Instructions for the task → What you should end up with is an exact copy of the lines from the one holding "UFO PET AUTOMATIC FEEDING TOY" through the last line of the entries below, both included, and nothing else; leave every picture out.

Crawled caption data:
☆ ☆ ☆ ☆ ☆

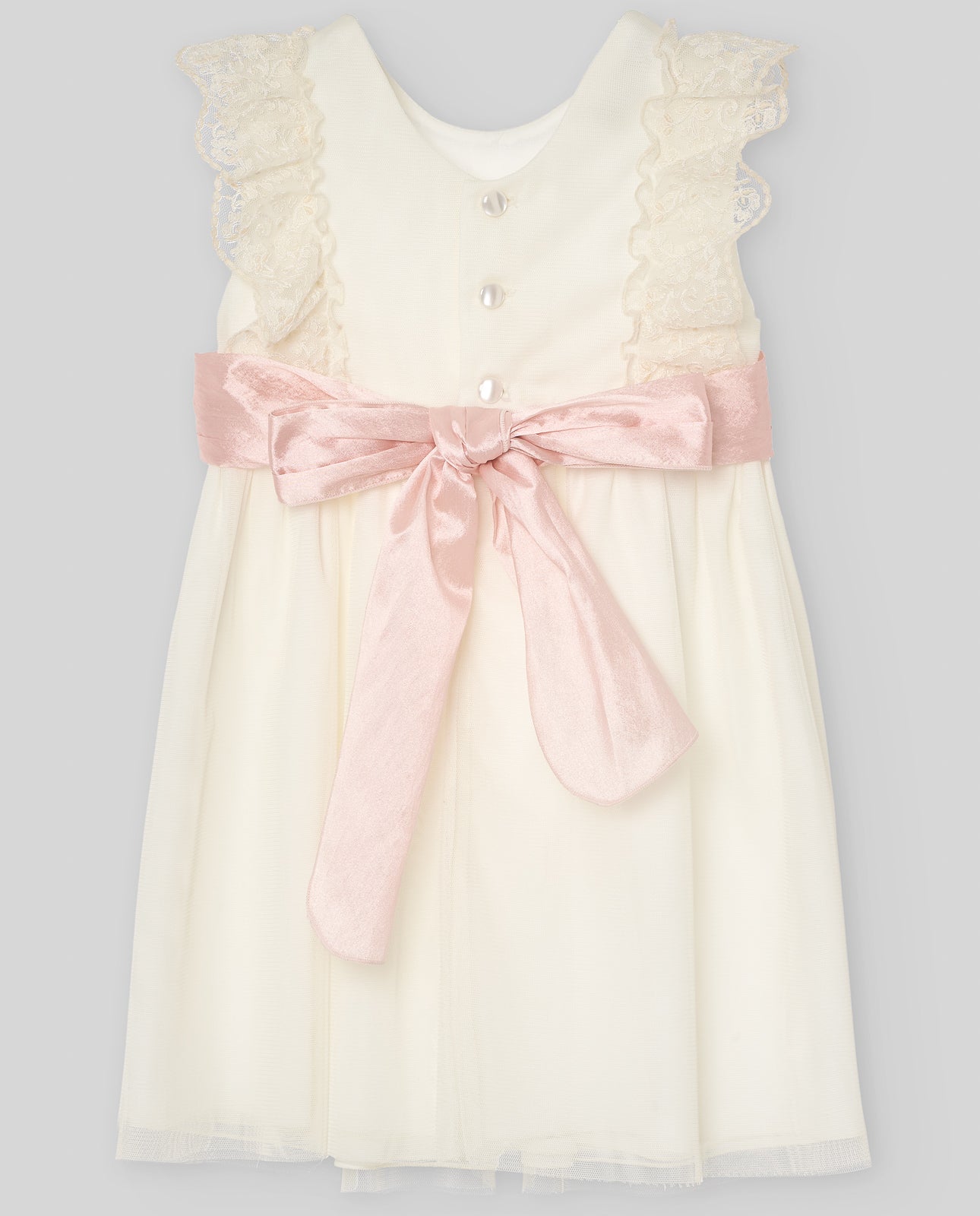 VESTIDO TUL C/PUNTILLA "CEREMONIA V26"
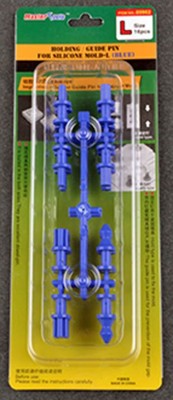 Master Tools 09982 Удерживающий / направляющий штифт для силиконовой формы-L (синий)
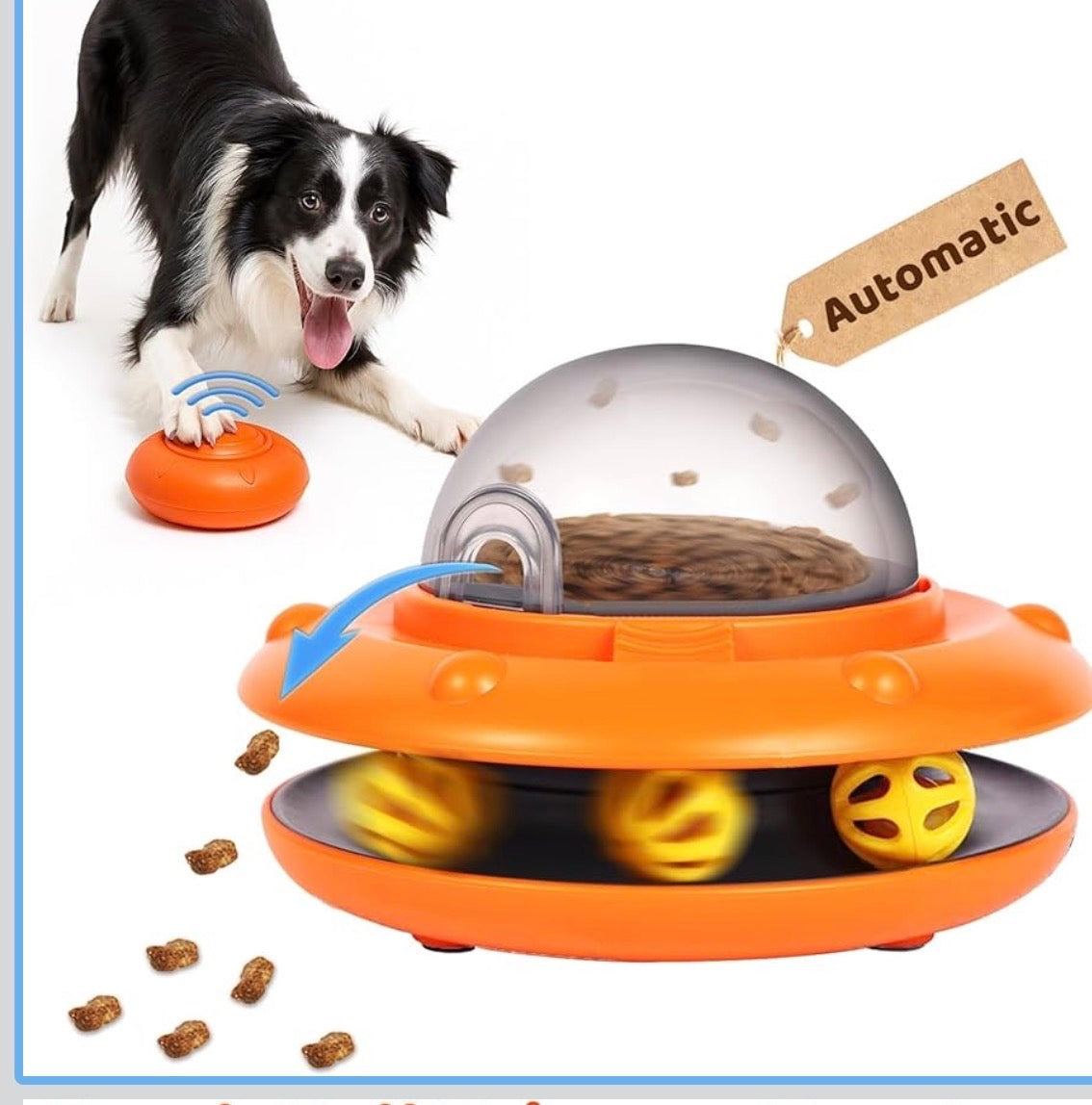 UFO PET AUTOMATIC FEEDING TOY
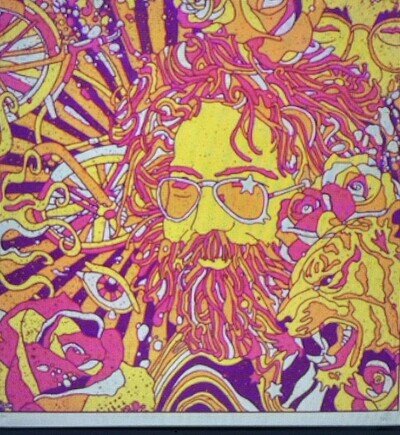 Jerry Garcia 2019 Bicycle day Grateful Dead Poster RARE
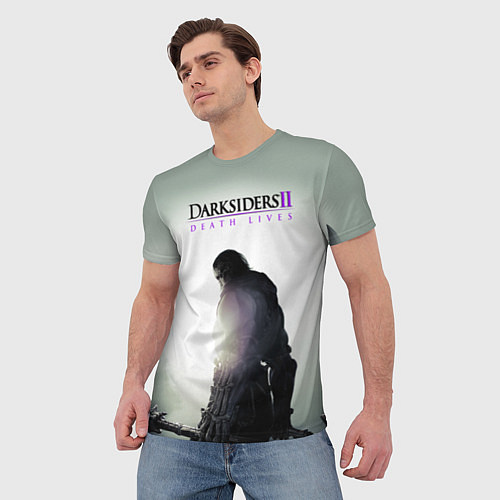 Мужская футболка Darksiders II: Death Lives / 3D-принт – фото 3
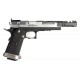 AW CUSTOM - Hi-capa HX2401 IPSC .38 Supercomp (culasse Split) GBB Gaz - 1 joule - SILVER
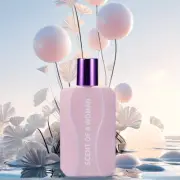 3.4 ounces of women's light perfume spray with pear, musk mallow,iris fragrance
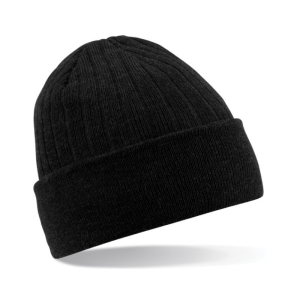VIR001 BEECHFIELD THINSULATE B447 BEANIE HAT BLACK ONE SIZE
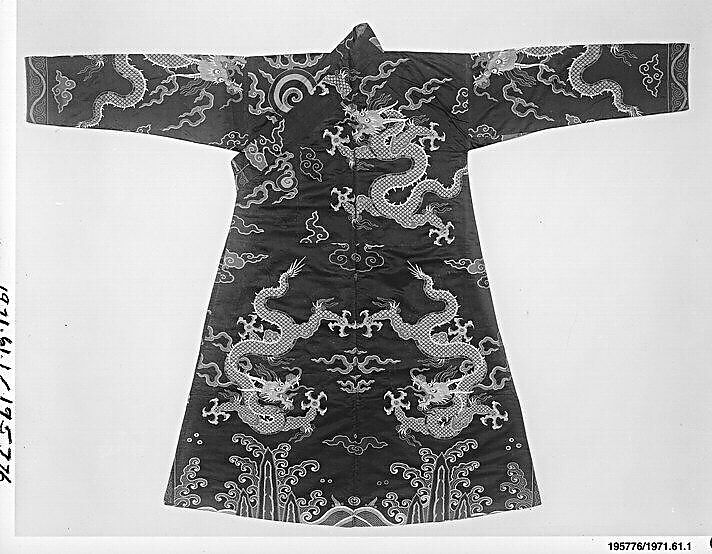 Robe for Lay Aristocrat, Silk, metallic thread, Tibet 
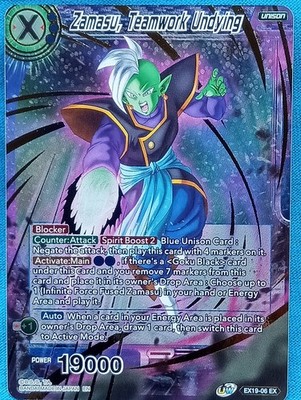 Dragonball Super Cards - Zamasu, Teamwork Undying - EX19-06 **Near Mint**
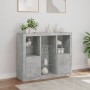 Sideboard with LED light 3 pieces concrete gray engineered wood by , Sideboards - Ref: Foro24-3209124, Price: 211,63 €, Disco...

☆ ☆ ☆ ☆ ☆

Solution to the exercise →
 UFO PET AUTOMATIC FEEDING TOY
 Jerry Garcia 2019 Bicycle day Grateful Dead Poster RARE
 Мужская футболка Darksiders II: Death Lives / 3D-принт – фото 3
 AW CUSTOM - Hi-capa HX2401 IPSC .38 Supercomp (culasse Split) GBB Gaz - 1 joule - SILVER
 3.4 ounces of women's light perfume spray with pear, musk mallow,iris fragrance
VIR001 BEECHFIELD THINSULATE B447 BEANIE HAT BLACK ONE SIZE
 Robe for Lay Aristocrat, Silk, metallic thread, Tibet 
 Dragonball Super Cards - Zamasu, Teamwork Undying - EX19-06 **Near Mint**
 Sideboard with LED light 3 pieces concrete gray engineered wood by , Sideboards - Ref: Foro24-3209124, Price: 211,63 €, Disco...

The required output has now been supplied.